Source records
........
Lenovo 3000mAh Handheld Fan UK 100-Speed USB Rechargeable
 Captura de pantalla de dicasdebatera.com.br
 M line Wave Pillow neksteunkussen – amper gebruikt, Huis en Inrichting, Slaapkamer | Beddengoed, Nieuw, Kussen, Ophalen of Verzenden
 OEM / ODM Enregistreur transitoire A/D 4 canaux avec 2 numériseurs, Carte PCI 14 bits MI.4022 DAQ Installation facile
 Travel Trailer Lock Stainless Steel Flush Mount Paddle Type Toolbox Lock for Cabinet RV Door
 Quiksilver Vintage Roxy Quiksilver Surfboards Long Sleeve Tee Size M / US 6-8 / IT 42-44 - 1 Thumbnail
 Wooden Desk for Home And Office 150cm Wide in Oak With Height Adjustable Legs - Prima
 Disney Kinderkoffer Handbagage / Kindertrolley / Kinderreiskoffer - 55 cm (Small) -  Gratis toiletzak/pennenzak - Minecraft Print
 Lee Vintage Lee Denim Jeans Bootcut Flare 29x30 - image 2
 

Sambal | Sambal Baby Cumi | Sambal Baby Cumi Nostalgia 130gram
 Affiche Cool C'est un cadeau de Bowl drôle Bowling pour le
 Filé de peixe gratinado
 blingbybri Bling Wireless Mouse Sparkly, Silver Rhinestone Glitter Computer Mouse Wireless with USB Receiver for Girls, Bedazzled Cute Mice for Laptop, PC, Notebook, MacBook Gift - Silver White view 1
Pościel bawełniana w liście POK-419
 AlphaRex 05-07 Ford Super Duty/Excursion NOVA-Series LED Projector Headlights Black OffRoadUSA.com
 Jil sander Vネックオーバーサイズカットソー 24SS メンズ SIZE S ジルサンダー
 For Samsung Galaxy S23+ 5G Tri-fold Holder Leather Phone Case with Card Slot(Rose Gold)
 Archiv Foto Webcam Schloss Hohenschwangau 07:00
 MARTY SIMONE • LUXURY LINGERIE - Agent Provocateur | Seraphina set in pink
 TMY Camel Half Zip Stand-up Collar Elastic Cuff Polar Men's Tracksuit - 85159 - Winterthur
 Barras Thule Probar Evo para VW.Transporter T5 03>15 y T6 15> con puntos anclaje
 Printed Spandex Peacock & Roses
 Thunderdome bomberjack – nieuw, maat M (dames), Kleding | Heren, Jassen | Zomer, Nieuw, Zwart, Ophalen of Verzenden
........
Exercise description >>
Reproduce all of the entries verbatim.

Answer box >>
Lenovo 3000mAh Handheld Fan UK 100-Speed USB Rechargeable
 Captura de pantalla de dicasdebatera.com.br
 M line Wave Pillow neksteunkussen – amper gebruikt, Huis en Inrichting, Slaapkamer | Beddengoed, Nieuw, Kussen, Ophalen of Verzenden
 OEM / ODM Enregistreur transitoire A/D 4 canaux avec 2 numériseurs, Carte PCI 14 bits MI.4022 DAQ Installation facile
 Travel Trailer Lock Stainless Steel Flush Mount Paddle Type Toolbox Lock for Cabinet RV Door
 Quiksilver Vintage Roxy Quiksilver Surfboards Long Sleeve Tee Size M / US 6-8 / IT 42-44 - 1 Thumbnail
 Wooden Desk for Home And Office 150cm Wide in Oak With Height Adjustable Legs - Prima
 Disney Kinderkoffer Handbagage / Kindertrolley / Kinderreiskoffer - 55 cm (Small) -  Gratis toiletzak/pennenzak - Minecraft Print
 Lee Vintage Lee Denim Jeans Bootcut Flare 29x30 - image 2
 

Sambal | Sambal Baby Cumi | Sambal Baby Cumi Nostalgia 130gram
 Affiche Cool C'est un cadeau de Bowl drôle Bowling pour le
 Filé de peixe gratinado
 blingbybri Bling Wireless Mouse Sparkly, Silver Rhinestone Glitter Computer Mouse Wireless with USB Receiver for Girls, Bedazzled Cute Mice for Laptop, PC, Notebook, MacBook Gift - Silver White view 1
Pościel bawełniana w liście POK-419
 AlphaRex 05-07 Ford Super Duty/Excursion NOVA-Series LED Projector Headlights Black OffRoadUSA.com
 Jil sander Vネックオーバーサイズカットソー 24SS メンズ SIZE S ジルサンダー
 For Samsung Galaxy S23+ 5G Tri-fold Holder Leather Phone Case with Card Slot(Rose Gold)
 Archiv Foto Webcam Schloss Hohenschwangau 07:00
 MARTY SIMONE • LUXURY LINGERIE - Agent Provocateur | Seraphina set in pink
 TMY Camel Half Zip Stand-up Collar Elastic Cuff Polar Men's Tracksuit - 85159 - Winterthur
 Barras Thule Probar Evo para VW.Transporter T5 03>15 y T6 15> con puntos anclaje
 Printed Spandex Peacock & Roses
 Thunderdome bomberjack – nieuw, maat M (dames), Kleding | Heren, Jassen | Zomer, Nieuw, Zwart, Ophalen of Verzenden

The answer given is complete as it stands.